Das Unentschieden zur Halbzeit war verdient, die HCOB-Handballer hatten sich prima verkauft. Von den zahlreichen Schlachtenbummlern in grünen und weißen Trikots gab es beim Gang in die Kabine stehende Ovationen. Gleich nach dem Wiederanpfiff setzte es aus der gleichen Ecke wütende Proteste: Die Schiedsrichter stellten Timm Buck nach einem Foul an Nikola Vlahovic vom Platz. Ruckzuck zückten viele ihr Handy, schauten sich die Szene im Replay auf Dyn an – und schnell machte in der EgeTrans Arena das Wort „Fehlentscheidung“ die Runde. Eine mit gravierenden Auswirkungen: Der HCOB hatte seinen bis dahin überragenden Akteur verloren.

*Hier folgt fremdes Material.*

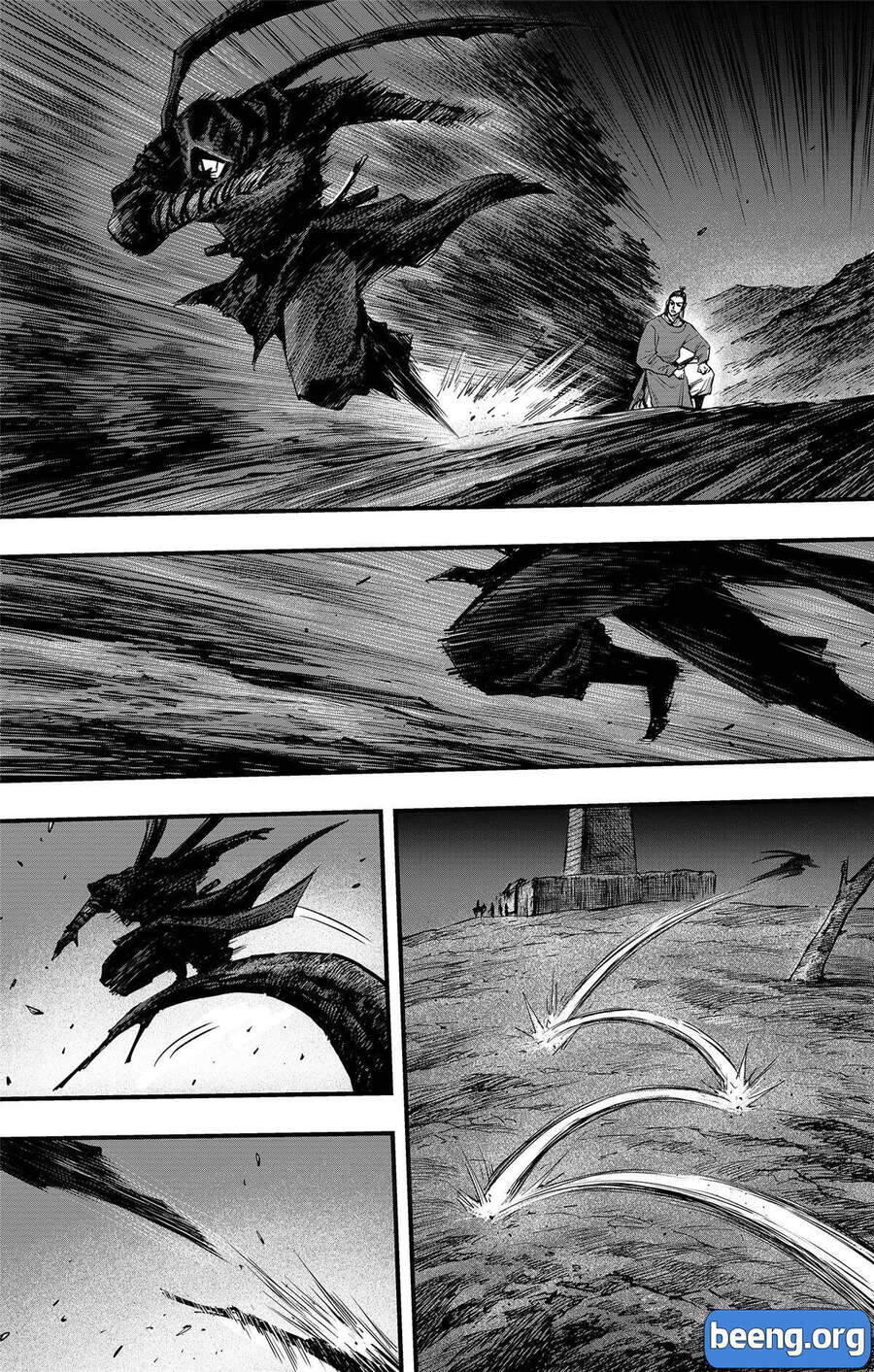 Thích Khách Tín Điều Chapter 19 - Trang 1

Und das machte sich auf dem Spielfeld bemerkbar. Die Bietigheimer hatten nun leichte Vorteile, während der Aufsteiger sich im Angriff schwertat. Das Trainerduo Volker Blumenschein und Tobias Klisch versuchte es mit einem siebten Feldspieler. Das funktionierte in einigen Szenen gut, führte aber auch zu Gegentreffern ins leere Tor. Als Nikola Vlahovic in der 51. Minute ein Empty-Net-Goal erzielte, lag der Favorit mit 25:21 vorn. Nun schien alles seinen Gang zu gehen.
Doch der Kampfgeist der Handballer des HCOB war ungebrochen. In der Schlussphase funktionierte die Abwehr richtig gut. Die Gäste gewannen Bälle. Vorne lief Nick Fröhlich zur Bestform auf. Die Gäste warfen vier Tore in Serie und glichen zum 25:25 aus. Bei Bietigheim übernahm der Jüngste Verantwortung: Alen Hadzimuhamedovic warf in höchster Zeitspielnot das 26:25 und verschaffte dem Favoriten wieder Luft.

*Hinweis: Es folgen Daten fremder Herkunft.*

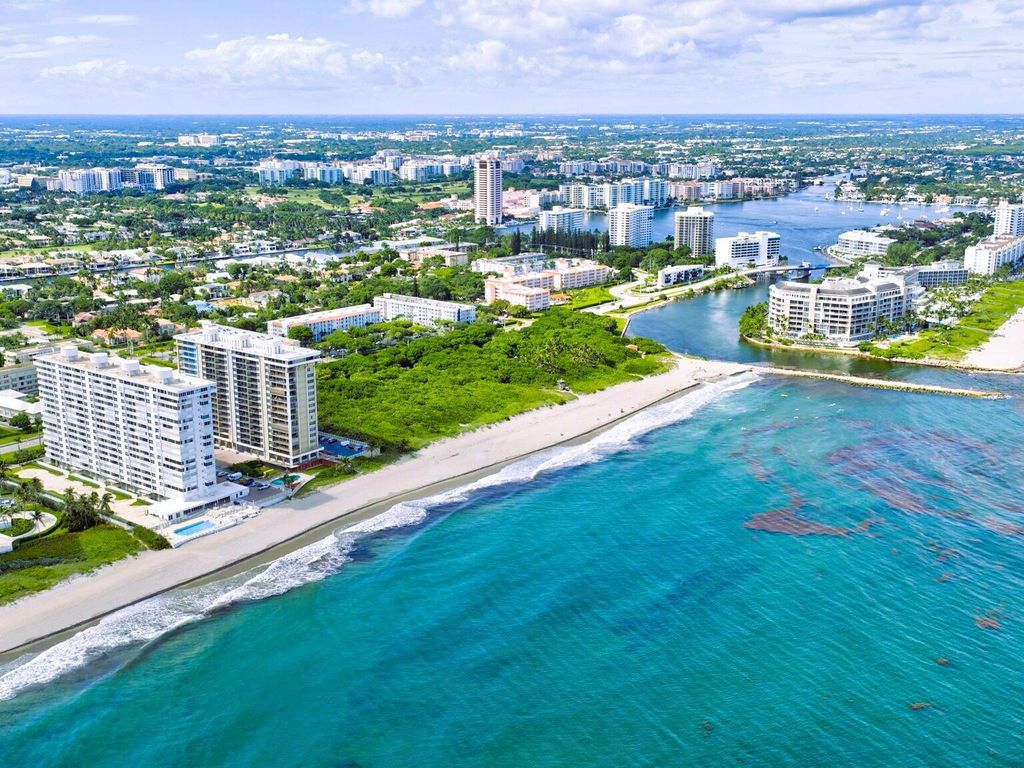 Photo of 1180 S Ocean Boulevard #14d, Boca Raton, FL 33432 (MLS # R11129834)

Und trotzdem blieb der Punkt für die Handballer des HCOB immer greifbar. Nick Fröhlich verwandelte einen Siebenmeter zum 28:27. Auf der Gegenseite hielt die Abwehr stand und provozierte eine Fehlabgabe. Der Außenseiter hatte den letzten Angriff und die Chance zur Handball-Sensation. Doch der in Halbzeit zwei lange nicht mehr so präsente Keeper Jan Hrdlicka setzte den letzten Impuls. Er wehrte den Wurf von Malte Dederding ab – und rettete dem Favoriten mit dem Schlusspfiff den Sieg.

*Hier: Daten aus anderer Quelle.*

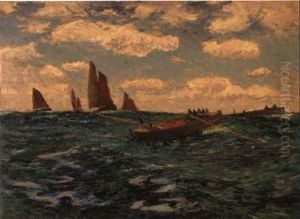 La Peche A La Sardine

Beim HCOB war der Frust immens. Bärenstark gespielt, unglücklich um den besten Mann gebracht und dann mit dem letzten Wurf gescheitert – kurz nach Spielende überwogen Wut und Enttäuschung. Natürlich war es ein Schritt in die richtige Richtung, ein klares Zeichen, und trotzdem ärgerte sich Trainer Tobias Klisch sehr: „Handball ist eben ein Ergebnissport.“
Stimmen zum Spiel
Volker Blumenschein: „Normalerweise endet das Spiel unentschieden. Steht man hinten drin, kommt auch noch Pech dazu. Wir freuen uns nicht darüber, dass wir gut gespielt haben, sondern ärgern uns darüber, dass wir verloren haben. Timm Buck war bis zur roten Karte unser bester Spieler. Für mich war das eine Fehlentscheidung, die das Spiel stark beeinflusst hat.“
Tobias Klisch: „Wir sind stolz und sauer zugleich. Es ist ein Ergebnissport. Wir müssen die Wut und die Enttäuschung nun in Energie umwandeln.“
Rund ums Spiel
2471 verfolgten die Begegnung in der EgeTrans Arena: Damit haben die beiden Mannschaften und vor allem ihre Anhänger einen neuen Besucherrekord in der laufenden Zweitligasaison aufgestellt.
Der HCOB trifft am kommenden Samstag um 18 Uhr auf den VfL Lübeck-Schwartau.